Wyrazem antyfiskalnej postawy wobec gospodarki są, moim zdaniem, tzw. standardy z Maastricht wyznaczone dla krajów Unii Europejskiej, ważne dla obecnych członków UE przed wprowadzeniem wspólnej waluty, jak też przed przystąpieniem do UE nowych członków. Wśród standardów tych znajdują się:
– wymóg, by deficyt budżetowy nie przekraczał 3% PKB.
– zalecenie kształtowania poziomu długu publicznego do 60% PKB.
Nie uprzedzając dalszych rozważań, poprzestanę w tym miejscu na stwierdzeniu, że przegląd teorii finansów publicznych prowadzi do następujących wniosków:
Po pierwsze, wielowiekowe doświadczenia w posługiwaniu się instrumentami fiskalnymi (do których zalicza się także wydatki) skłaniają o postawienia tezy, że nie można w sposób jednoznaczny określić uniwersalnych standardów polityki fiskalnej. Konieczne jest kierowanie się zasadą relatywizmu, czyli doboru narzędzi fiskalnych do panujących warunków gospodarczych, społecznych, politycznych, historycznych, religijnych itp.

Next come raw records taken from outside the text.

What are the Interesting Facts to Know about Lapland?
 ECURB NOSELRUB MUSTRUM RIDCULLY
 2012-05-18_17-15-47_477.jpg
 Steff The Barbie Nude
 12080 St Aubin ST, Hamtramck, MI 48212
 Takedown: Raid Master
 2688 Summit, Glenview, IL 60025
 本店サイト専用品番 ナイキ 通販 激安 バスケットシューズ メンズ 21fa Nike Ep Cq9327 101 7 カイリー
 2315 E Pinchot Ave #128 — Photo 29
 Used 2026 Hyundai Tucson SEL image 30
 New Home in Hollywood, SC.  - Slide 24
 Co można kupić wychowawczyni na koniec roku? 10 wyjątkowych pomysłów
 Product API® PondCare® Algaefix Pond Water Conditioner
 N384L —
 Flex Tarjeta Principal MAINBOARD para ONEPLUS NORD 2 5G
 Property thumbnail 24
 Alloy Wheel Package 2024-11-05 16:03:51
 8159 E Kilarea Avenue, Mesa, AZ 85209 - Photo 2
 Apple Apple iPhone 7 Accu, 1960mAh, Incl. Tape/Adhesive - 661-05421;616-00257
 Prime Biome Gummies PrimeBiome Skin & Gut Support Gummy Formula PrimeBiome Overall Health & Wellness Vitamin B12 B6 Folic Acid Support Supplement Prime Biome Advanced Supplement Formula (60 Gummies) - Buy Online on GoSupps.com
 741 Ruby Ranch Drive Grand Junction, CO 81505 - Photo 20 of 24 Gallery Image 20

Po drugie, rozwój instytucji państwa, czy szerzej władz publicznych, rozwój cywilizacyjny itd. zmusza do wykorzystywania takich narzędzi fiskalnych, jak podatki i wydatki publiczne. Ich stosowanie nie pozostaje bez wpływu na procesy stricte gospodarcze, a koncepcja neutralności podatkowej względem gospodarki jest, moim zdaniem, utopijna (do sprawy tej zresztą jeszcze powrócę). Wynika stąd wniosek, że w warunkach gospodarki pieniężnej konieczna jest koordynacja polityki fiskalnej z polityką monetarną.